### [Action item]
The full listing, copied exactly and free of pictures, is the expected reply.

### [Supplied data]
--------------------------------

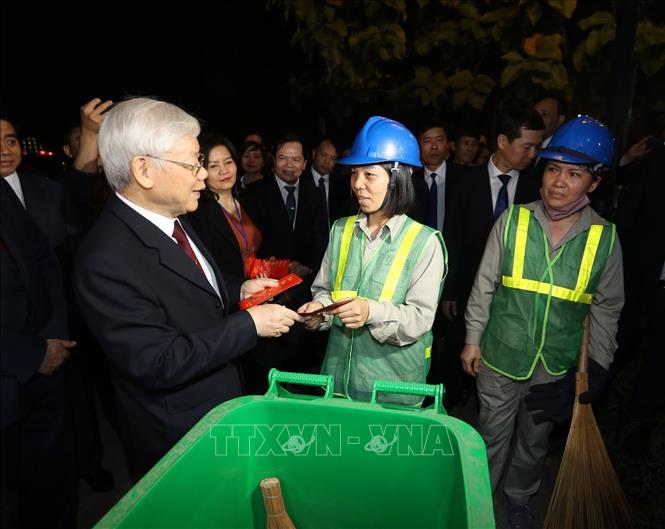 Trong ảnh: Tổng Bí thư, Chủ tịch nước Nguyễn Phú Trọng thăm hỏi, tặng quà công nhân môi trường đang làm việc đêm giao thừa Tết Nguyên đán Kỷ Hợi 2019 tại khu vực Hồ Hoàn Kiếm. Ảnh : Trí Dũng – TTXVN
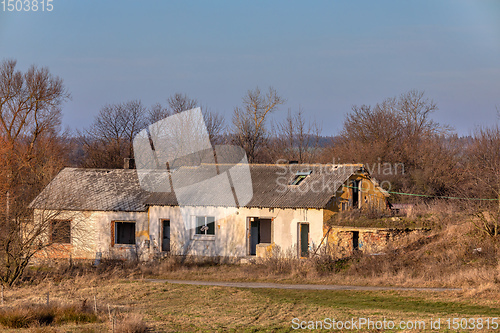 Image of rundown and abandoned house in countryside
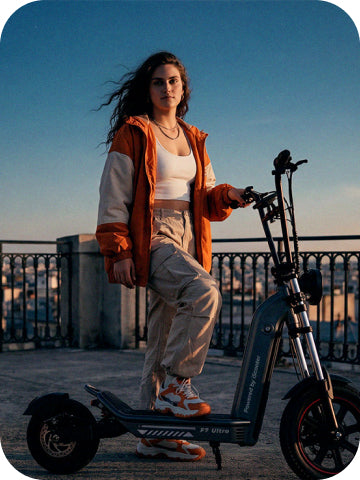 A lifestyle photo of a young woman in an orange jacket standing on the deck of an iScooter F7 Ultra electric scooter outdoors against a evening sky background.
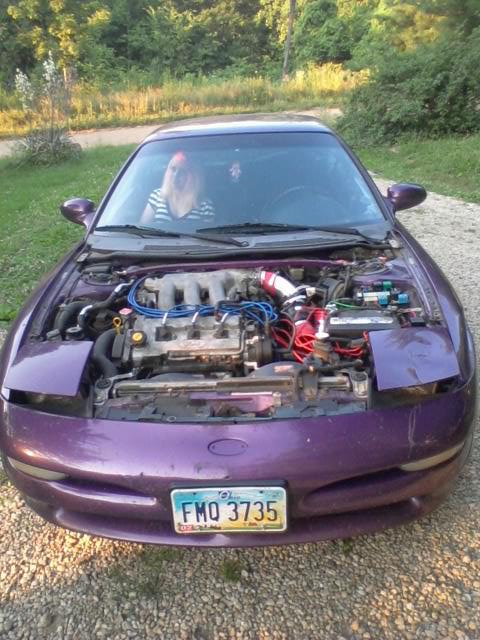 1995 Ford Probe - Front view of a purple 1995 Ford Probe with the hood open, revealing the engine bay. The license plate reads FMO 3735.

--------------------------------

### [Answer]
 Trong ảnh: Tổng Bí thư, Chủ tịch nước Nguyễn Phú Trọng thăm hỏi, tặng quà công nhân môi trường đang làm việc đêm giao thừa Tết Nguyên đán Kỷ Hợi 2019 tại khu vực Hồ Hoàn Kiếm. Ảnh : Trí Dũng – TTXVN
 Image of rundown and abandoned house in countryside
 A lifestyle photo of a young woman in an orange jacket standing on the deck of an iScooter F7 Ultra electric scooter outdoors against a evening sky background.
 1995 Ford Probe - Front view of a purple 1995 Ford Probe with the hood open, revealing the engine bay. The license plate reads FMO 3735.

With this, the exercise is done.